Seizing on the 23rd observance of Earth Day, federal, state and local officials have announced a series of steps aimed at cleaning up Baltimore, including a new study of the health and environmental risks faced by urban residents.
But the announcement yesterday struck a sour note with some environmentalists, who accused officials of dodging their responsibilities to crack down on pollution.
The U.S. Environmental Protection Agency said it has chosen Baltimore and Washington, D.C., to launch a new program aimed at identifying and reducing the public health and environmental hazards to which city dwellers may be exposed.
The EPA plans to spend $400,000 in the next year to assess the risks for the cities' residents, officials said.

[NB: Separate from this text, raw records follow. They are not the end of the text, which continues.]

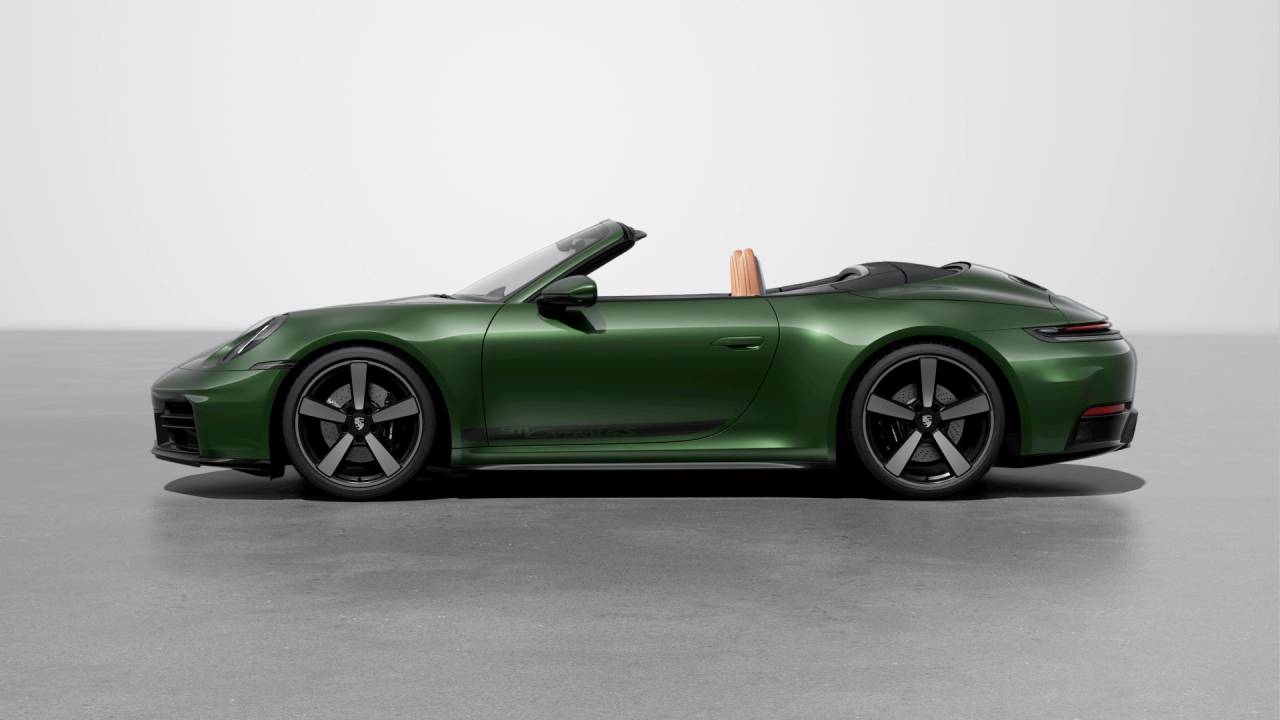 2026 Porsche 911 4S Cabriolet photo 2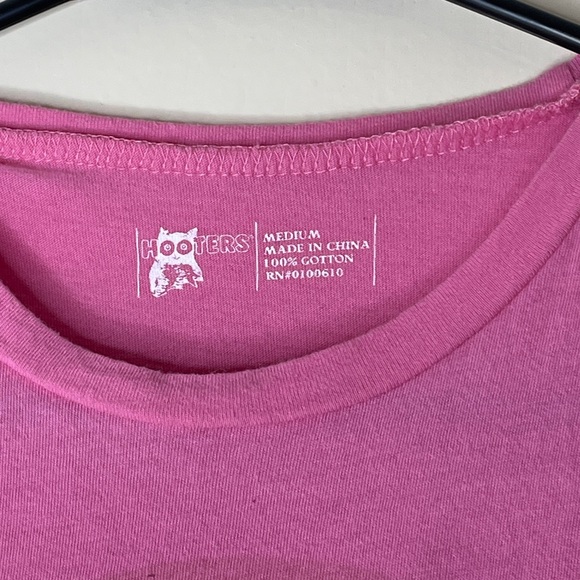 Womens Size Medium Hooters Pink T-Shirt - Picture 2 of 2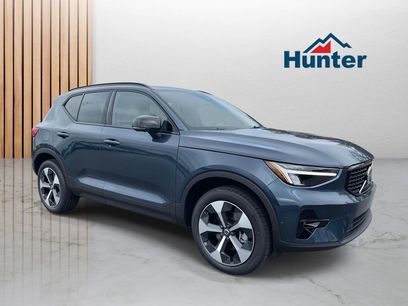 New 2026 Volvo XC40 B4 Plus w/ Protection Package Premier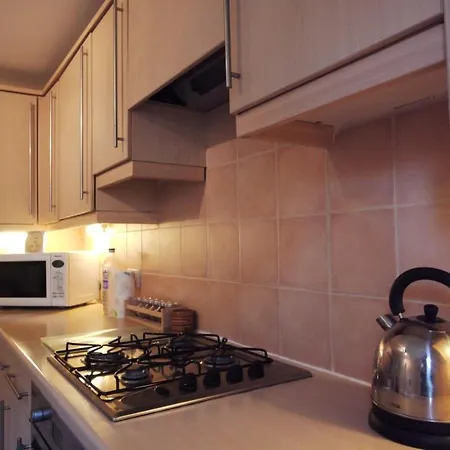 Central Elegant 2 Bed *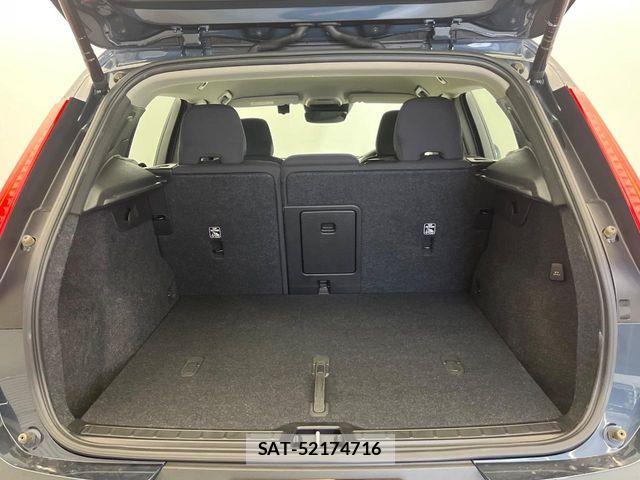 Volvo XC40 2021-06 6615530-13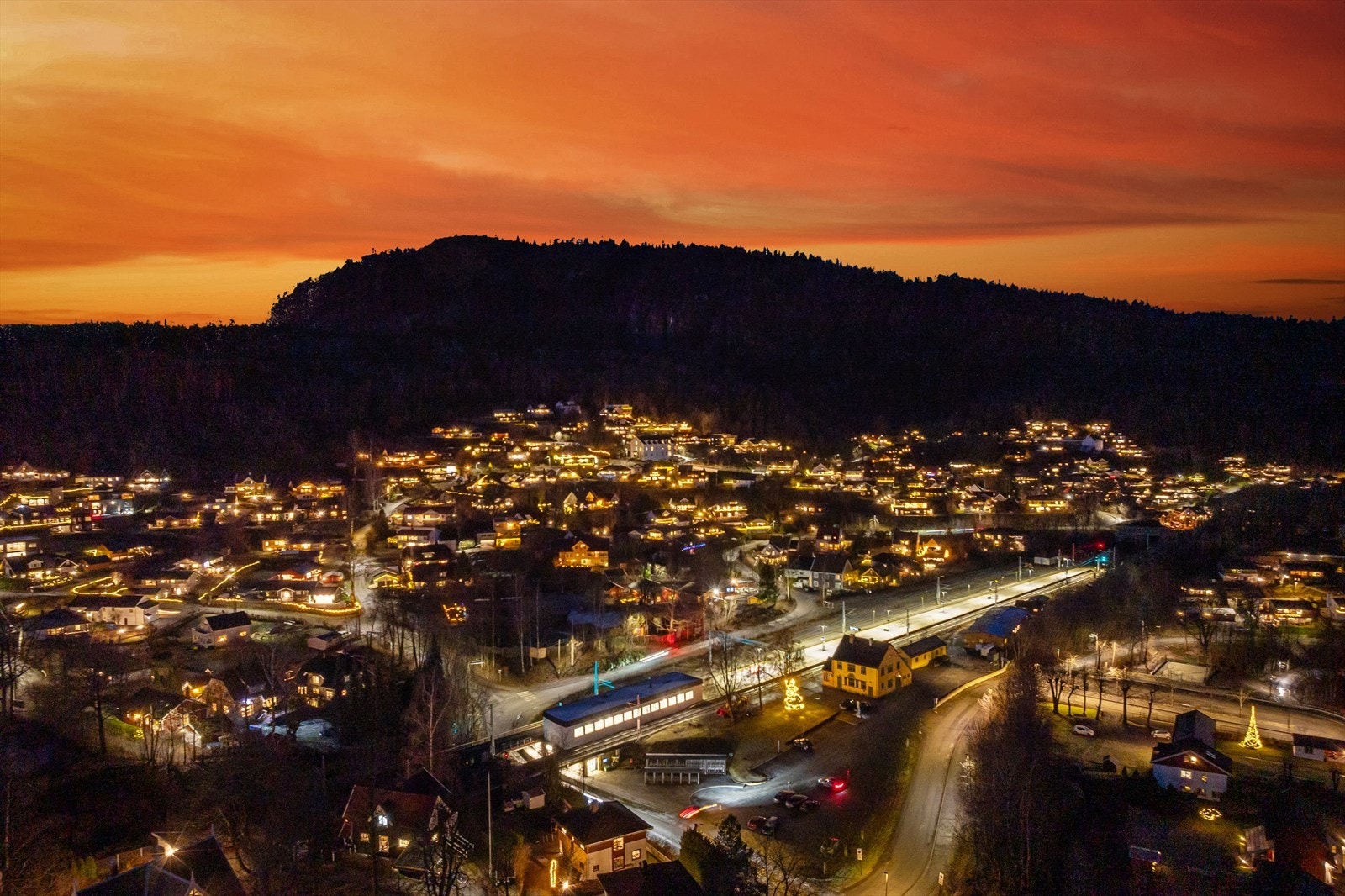 For pendlere er Hvalstad stasjon en kort spasertur unna, med tog til Oslo S på rundt 23 minutter. Galleribilde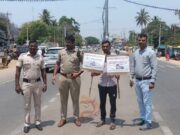 ಟ್ರಾಫಿಕ್ ರೂಲ್ಸ್ ಬ್ರೇಕ್ – ಬೋರ್ಡ್ ಹಿಡಿದು ಇಡೀ ದಿನ ರಸ್ತೆ ಮಧ್ಯೆ ನಿಲ್ಲುವ ಶಿಕ್ಷೆ..!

Mayor Kurt L. Schmoke also unveiled his second annual list of environmental "initiatives" for the city. The plans include cleaning up buildings contaminated with asbestos and other hazardous materials, removing leaking underground fuel tanks and reducing emissions from the city's fleet of cars and trucks by buying cleaner vehicles.
David Monsma, a spokesman for the Environmental Action Foundation in Takoma Park, charged that the EPA study is intended to "lay the cost and blame for urban pollution on city inhabitants."
The foundation is giving "poisoned planet" awards today in Baltimore, including one to Willard Hackerman, the owner of the Pulaski incinerator, which has been cited repeatedly recently for air and water pollution violations.